ADDITIONAL INFORMATION

Whistleblower Protection Coordinator

The Inspector General Act requires the SSA OIG to designate an individual to serve as the OIG’s Whistleblower Protection Coordinator. The OIG’s Whistleblower Protection Coordinator carries out a number of key functions, including:

  • Educating SSA employees and managers about prohibitions on retaliation for protected disclosures;
  • Educating employees who have made or are contemplating making a protected disclosure about the rights and remedies available to them;
  • Ensuring that the OIG is promptly and thoroughly reviewing complaints that it receives, and that it is communicating effectively with whistleblowers throughout the process; and
  • Coordinating with the U.S. Office of Special Counsel, other agencies, and non-governmental organizations on relevant matters.

The OIG Whistleblower Protection Coordinator cannot act as a legal representative, agent, or advocate for any individual whistleblower.

For more information, you may contact the OIG Whistleblower Coordinator Program at whistleblower.coordinator@ssa.gov.

Nondisclosure Agreements

Pursuant to the Whistleblower Protection Enhancement Act of 2012, the following statement applies to non-disclosure policies, forms, or agreements of the federal government with current or former employees, including those in effect before the Act’s effective date of December 27, 2012:

“These provisions are consistent with and do not supersede, conflict with, or otherwise alter the employee obligations, rights, or liabilities created by existing statute or Executive Order relating to (1) classified information, (2) communications to Congress, (3) the reporting to an Inspector General of a violation of any law, rule, or regulation, or mismanagement, a gross waste of funds, an abuse of authority, or a substantial and specific danger to public health or safety, or (4) any other whistleblower protection. The definitions, requirements, obligations, rights, sanctions, and liabilities created by controlling Executive Orders and statutory provisions are incorporated into this agreement and are controlling.”
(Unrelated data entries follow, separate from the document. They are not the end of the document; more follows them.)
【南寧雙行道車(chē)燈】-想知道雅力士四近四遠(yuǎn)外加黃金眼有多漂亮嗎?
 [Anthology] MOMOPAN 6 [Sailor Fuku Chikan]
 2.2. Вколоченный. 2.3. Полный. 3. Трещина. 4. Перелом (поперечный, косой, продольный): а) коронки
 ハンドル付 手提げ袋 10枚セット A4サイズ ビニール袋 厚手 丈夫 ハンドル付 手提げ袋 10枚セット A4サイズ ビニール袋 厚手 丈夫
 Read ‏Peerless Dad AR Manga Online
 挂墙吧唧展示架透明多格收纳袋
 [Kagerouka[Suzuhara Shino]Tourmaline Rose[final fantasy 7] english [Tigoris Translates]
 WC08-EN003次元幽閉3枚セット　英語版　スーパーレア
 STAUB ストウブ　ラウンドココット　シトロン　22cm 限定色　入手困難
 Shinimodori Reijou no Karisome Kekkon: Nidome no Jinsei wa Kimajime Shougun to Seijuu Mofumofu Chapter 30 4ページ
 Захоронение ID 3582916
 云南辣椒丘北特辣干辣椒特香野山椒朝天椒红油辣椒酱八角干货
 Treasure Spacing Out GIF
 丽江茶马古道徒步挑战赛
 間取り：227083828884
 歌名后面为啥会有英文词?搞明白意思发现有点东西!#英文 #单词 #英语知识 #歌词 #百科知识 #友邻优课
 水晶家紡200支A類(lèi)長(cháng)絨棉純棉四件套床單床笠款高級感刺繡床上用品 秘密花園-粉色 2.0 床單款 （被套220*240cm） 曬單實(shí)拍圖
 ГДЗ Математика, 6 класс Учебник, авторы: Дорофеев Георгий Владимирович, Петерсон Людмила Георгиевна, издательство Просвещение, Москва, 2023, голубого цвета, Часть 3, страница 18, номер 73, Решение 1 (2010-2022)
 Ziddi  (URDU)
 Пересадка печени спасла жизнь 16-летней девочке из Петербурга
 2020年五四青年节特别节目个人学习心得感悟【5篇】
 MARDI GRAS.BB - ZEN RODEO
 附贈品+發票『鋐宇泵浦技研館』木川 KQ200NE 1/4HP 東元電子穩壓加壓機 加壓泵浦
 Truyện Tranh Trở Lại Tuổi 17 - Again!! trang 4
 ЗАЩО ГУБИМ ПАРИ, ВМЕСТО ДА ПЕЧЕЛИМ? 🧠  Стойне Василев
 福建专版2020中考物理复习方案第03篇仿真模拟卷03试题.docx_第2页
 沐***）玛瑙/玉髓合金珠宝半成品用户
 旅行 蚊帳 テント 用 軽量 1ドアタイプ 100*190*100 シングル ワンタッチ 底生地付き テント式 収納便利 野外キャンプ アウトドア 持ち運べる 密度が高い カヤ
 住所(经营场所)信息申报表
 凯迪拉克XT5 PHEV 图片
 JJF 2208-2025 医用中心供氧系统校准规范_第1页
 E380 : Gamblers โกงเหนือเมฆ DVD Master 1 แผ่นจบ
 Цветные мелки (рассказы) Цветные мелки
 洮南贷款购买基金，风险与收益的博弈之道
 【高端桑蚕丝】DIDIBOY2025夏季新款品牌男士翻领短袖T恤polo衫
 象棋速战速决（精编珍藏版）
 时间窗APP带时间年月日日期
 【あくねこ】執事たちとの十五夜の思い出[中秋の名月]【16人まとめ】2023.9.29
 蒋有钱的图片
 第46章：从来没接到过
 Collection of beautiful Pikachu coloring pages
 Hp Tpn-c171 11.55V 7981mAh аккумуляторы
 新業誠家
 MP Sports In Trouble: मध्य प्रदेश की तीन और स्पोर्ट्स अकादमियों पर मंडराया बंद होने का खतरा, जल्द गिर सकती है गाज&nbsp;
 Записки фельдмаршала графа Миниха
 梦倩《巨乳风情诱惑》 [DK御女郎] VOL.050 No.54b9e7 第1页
The controlling Executive Orders and statutory provisions in the event of any conflict with a non-disclosure policy, form, or agreement include, as of March 14, 2013:

  • Executive Order No. 13526 (governing classified national security information);
  • Section 7211 of Title 5, United States Code (governing disclosures to Congress);
  • Section 1034 of Title 10, United States Code as amended by the Military Whistleblower Protection Act (governing disclosure to Congress by members of the military);
  • Section 2302(b)(8) of Title 5, United States Code, as amended by the Whistleblower Protection Act of 1989 and the Whistleblower Protection Enhancement Act of 2012 (governing disclosures of illegality, waste, fraud, abuse or public health or safety threats);
  • Intelligence Identities Protection Act of 1982 (50 U.S.C. 421 et seq.) (governing disclosures that could expose confidential Government agents);
  • The statutes which protect against disclosure that may compromise the national security, including Sections 641, 793, 794, 798, and 952 of Title 18, United States Code; and
  • Section 4(b) of the Subversive Activities Control Act of 1950 (50 U.S.C. 783(b)).